#### About this task:
Show, from the entries below, every line in which "Black" appears.

#### Information shown:

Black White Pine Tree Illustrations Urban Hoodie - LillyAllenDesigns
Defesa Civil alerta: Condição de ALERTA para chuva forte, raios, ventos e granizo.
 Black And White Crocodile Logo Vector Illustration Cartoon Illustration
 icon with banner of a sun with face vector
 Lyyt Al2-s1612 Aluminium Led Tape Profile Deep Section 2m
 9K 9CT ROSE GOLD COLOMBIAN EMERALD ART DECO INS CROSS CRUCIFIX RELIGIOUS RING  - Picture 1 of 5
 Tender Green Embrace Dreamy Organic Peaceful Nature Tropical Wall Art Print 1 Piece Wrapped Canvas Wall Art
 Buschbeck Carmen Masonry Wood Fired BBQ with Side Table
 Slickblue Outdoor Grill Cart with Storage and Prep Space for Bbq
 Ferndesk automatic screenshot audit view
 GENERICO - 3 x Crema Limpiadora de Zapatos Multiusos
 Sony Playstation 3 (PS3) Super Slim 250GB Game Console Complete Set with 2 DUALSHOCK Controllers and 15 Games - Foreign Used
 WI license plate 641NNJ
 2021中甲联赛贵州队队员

#### Expected answer:
Black White Pine Tree Illustrations Urban Hoodie - LillyAllenDesigns
 Black And White Crocodile Logo Vector Illustration Cartoon Illustration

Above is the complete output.